Mar 29, 2018 - Sale 2471

Sale 2471 - Lot 273

Price Realized: $ 5,500
?Final Price Realized includes Buyer’s Premium added to Hammer Price
Estimate: $ 1,500 - $ 2,500
(MILITARY--SPANISH-AMERICAN WAR.) Papers of Lieutenant James B. Coleman as a soldier and educator. Many hundreds of items in one box (1 linear foot); some items with moderate to heavy wear, approximately 10% of the collection on fragile paper and not examined. Vp, 1896-1938

Additional Details

James B. Coleman (1858-1935) was an 1889 graduate of Lincoln University and a teacher from Moberly, MO who served as first lieutenant of the 7th and 48th United States Infantry Regiments in the Philippine theater of the Spanish-American War--the first in which African Americans served as company officers on a large scale.
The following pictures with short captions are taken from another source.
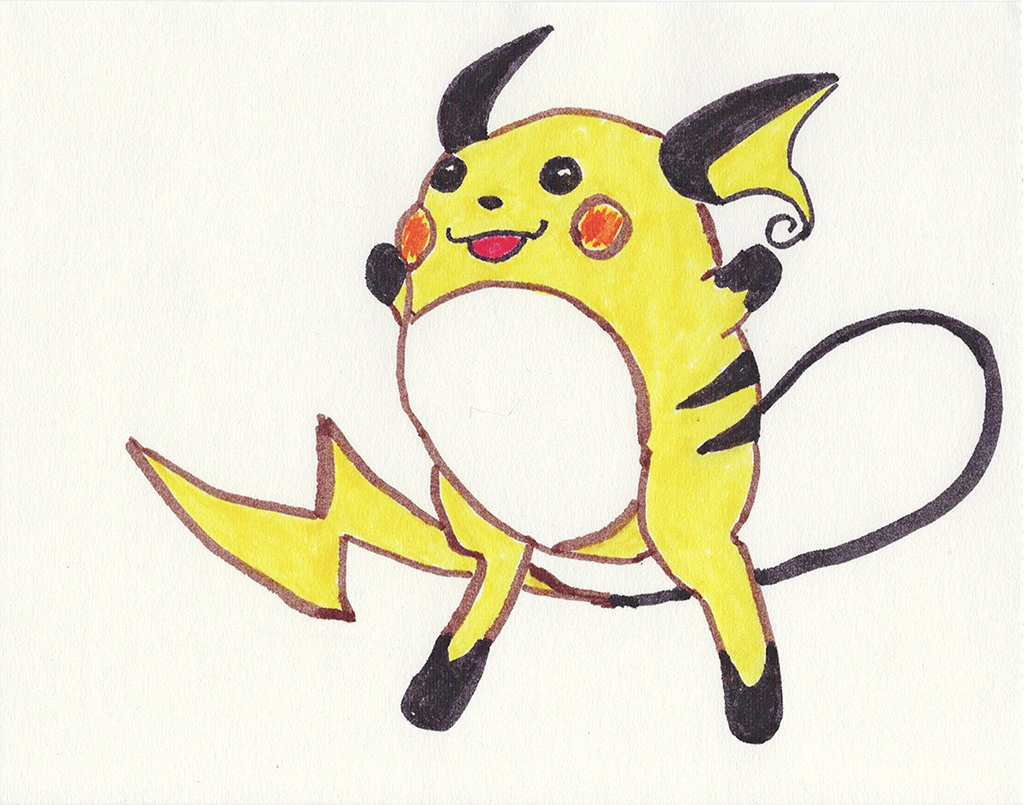 A scanned drawing of Raichu pokemon made with Various Markers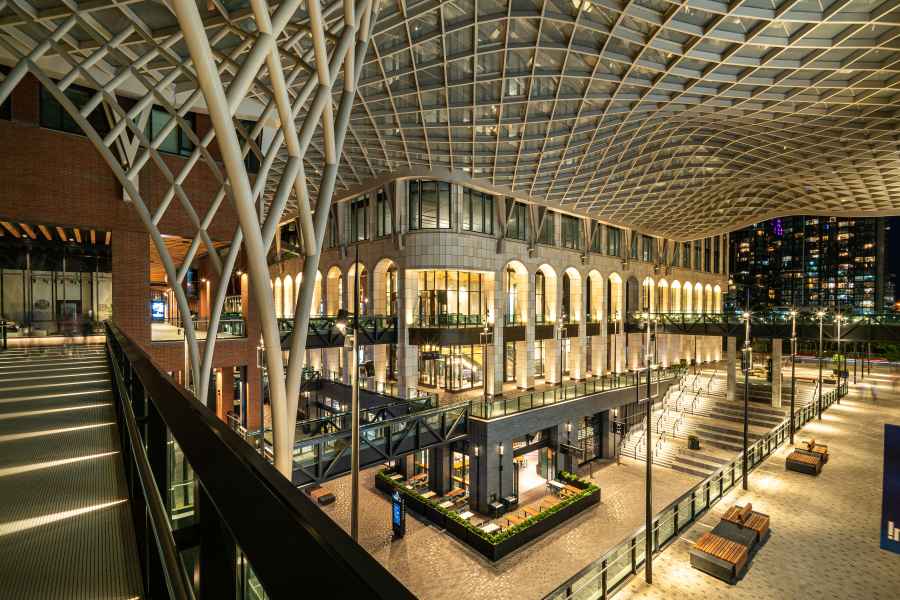 Covered Walkways, Steps, and Sitting Areas With Tall Poles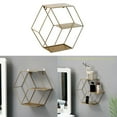 thumbnail image 4 of Wrought Shelf Rack Sofa Background Wall Decoration Metal Wall Hanging Decor Hexagon Floating Wall Shelf - golden, 4 of 7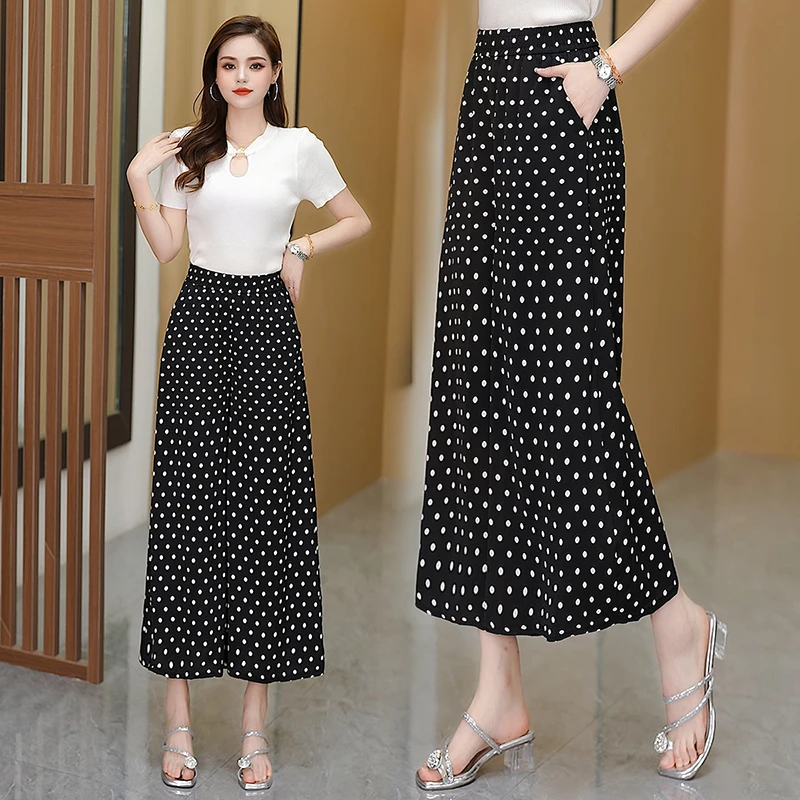 九分裙裤女夏季薄款大码高腰显瘦宽松印花新款中年妈妈休闲阔腿裤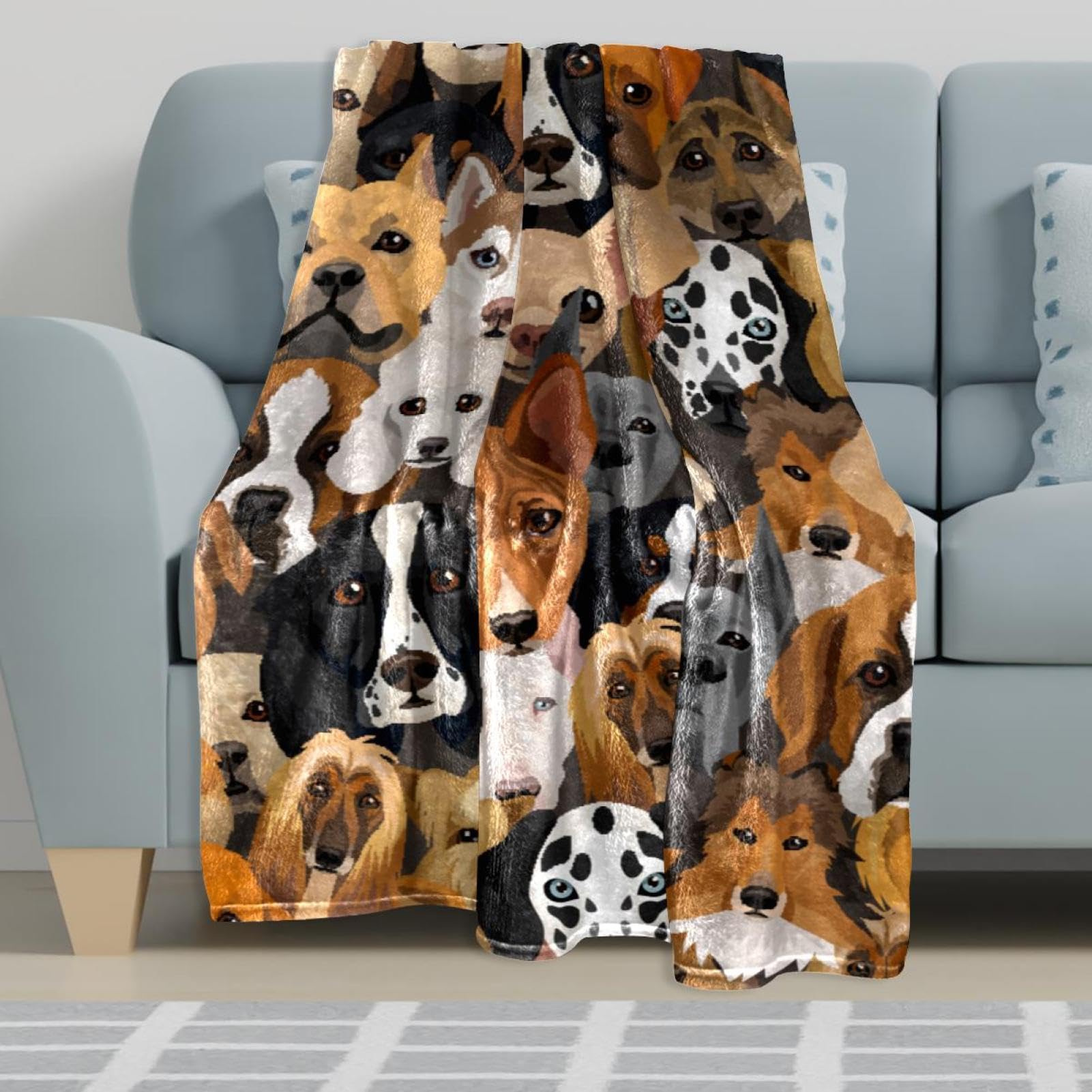 Couverture Polaire Chien Chiot Couverture Microfibre Chaude Et Douce Jeté De Canapé Couverture 150×200cm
This collection includes hundreds of items from Coleman's war service, including his cabinet card portrait, 48th Infantry pin, lieutenant shoulder strap, 28 letters to his wife from training camp in 1898, 17 letters from his wife, 1899-1901, troop rolls, personnel papers, official reports and correspondence, 3 manuscript maps of patrols in the Philippines, and more. In 1900, he acquired an unpublished 35-page manuscript on the Philippines' third-most common language, Ilocano, titled "Breve Compendio de Gramatica Yloco-Castellano" by Tranquilino Pagadiaro (included here).
After the war, Coleman returned to Columbia, MO, where he operated Coleman's Hand Laundry and served as president of the Fred Douglass School. He was active in fraternal organizations, serving as a grand officer of the United Brothers of Friendship and Sisters of the Mysterious Ten. All of these activities are reflected in his papers, as well as correspondence of his wife Julia F. McWhorter Coleman (1866-1935), who was also active in the school. Closing out the collection is a manuscript eulogy delivered at his funeral.